De plus, les minorités religieuses, parmi lesquelles les musulmans sunnites, les baha’is, les chrétiens, les derviches gonabadis, les juifs et les yarsans, sont victimes de discrimination en droit et dans la pratique, notamment en matière d’éducation, d’emploi, d’adoption et d’accès aux fonctions politiques et aux lieux de culte. Des membres de minorités religieuses sont également visés par des détentions arbitraires, des poursuites injustes, des actes de torture et des mauvais traitements pour avoir professé ou pratiqué leur foi.
Le 30 juin 2022, le procureur de Téhéran, Ali Salehi, s’est rendu à la prison de Rajai Shahr, où les sept hommes étaient incarcérés à l’époque. Selon une agence de presse kurde, il a déclaré pendant sa visite que « les Sunnites ne méritent pas le droit de vivre en Iran » ; 22 prisonniers sunnites ont alors entamé une grève de la faim pour protester contre ses propos.
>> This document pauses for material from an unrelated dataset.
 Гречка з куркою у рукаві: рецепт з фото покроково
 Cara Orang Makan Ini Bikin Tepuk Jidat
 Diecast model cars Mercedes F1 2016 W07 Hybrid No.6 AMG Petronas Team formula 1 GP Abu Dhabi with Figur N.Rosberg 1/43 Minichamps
Amnesty International s’oppose catégoriquement à la peine de mort, en toutes circonstances. La peine de mort est une violation du droit à la vie et constitue le châtiment le plus cruel, inhumain et dégradant qui soit. Amnesty International ne cesse d’appeler tous les pays où elle est encore en vigueur, y compris l’Iran, à instaurer un moratoire officiel sur les exécutions, en vue de l’abolition totale de la peine de mort.